Journal: Frontiers in Communication, Volume: 10
DOI: https://doi.org/10.3389/fcomm.2025.1704484
Publication Date: 2026-01-05
Author(s): Rajkumaran Soundarraj et al.
Primary Topic: Phonetics and Phonology Research

Overview

This study introduces a novel method for assessing and enhancing spoken English pronunciation accuracy relative to a desired accent style, utilizing advanced speech processing and information retrieval techniques. Central to the system is the ECAPA-TDNN model, which generates speaker embeddings from user audio fine-tuned with American-accented speech. These embeddings are compared to reference accent samples using cosine similarity to produce an Accent Similarity Score (ASS). The user’s speech is transcribed and aligned at the phoneme level with a reference sentence, allowing for proficiency classification (Beginner, Intermediate, Advanced) based on semantic and phonetic proximity, as well as comprehensible errors. An experimental evaluation with 30 undergraduate students demonstrated high classification accuracy (91.3%, 88.6%, and 93.1% for the respective proficiency levels) and a strong negative correlation (r = -0.82) between pronunciation error rate (PER) and ASS, alongside a user satisfaction score of 4.6/5.

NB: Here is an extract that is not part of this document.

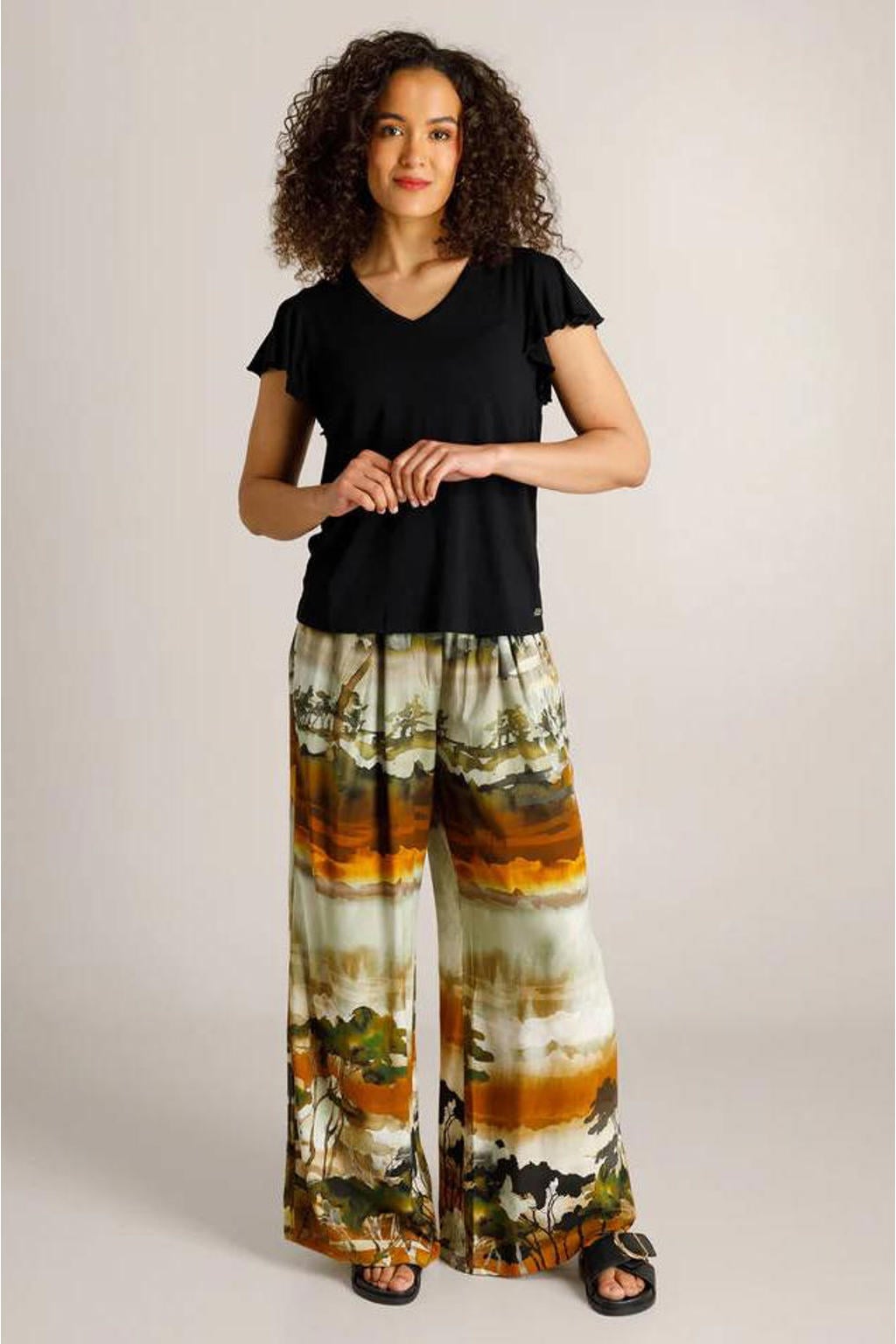 Zwarte dames Ivy Beau top van viscose met effen, korte mouwen en V-hals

In conclusion, this research presents a structured and scalable approach to accent assessment and pronunciation feedback through the integration of deep learning models and phoneme-level analysis. The system provides users with quantitative feedback, proficiency classification, and personalized resources, transforming passive assessment into active learning. This innovative feedback loop is designed to support non-native speakers in achieving fluency and could be adapted for use in educational settings, training centers, and language assessment environments. Future enhancements may include support for additional English dialects, real-time pronunciation correction, and features such as gamification and adaptive learning through reinforcement learning, ultimately aiming to develop a comprehensive digital pronunciation coach.

Introduction

The introduction of the research paper highlights the challenges faced by Tamil-speaking students learning English, particularly regarding pronunciation and accent. Despite having strong grammar and vocabulary skills, these learners often struggle with communication due to their accents, leading to misunderstandings and diminished self-confidence. Traditional language instruction has primarily focused on syntax and vocabulary, neglecting the critical aspect of pronunciation, especially for learners from diverse linguistic backgrounds. Existing Computer-Assisted Language Learning (CALL) systems have not adequately addressed these nuanced needs, often providing static drills or basic automatic speech recognition (ASR) feedback that lacks depth in accent-specific issues.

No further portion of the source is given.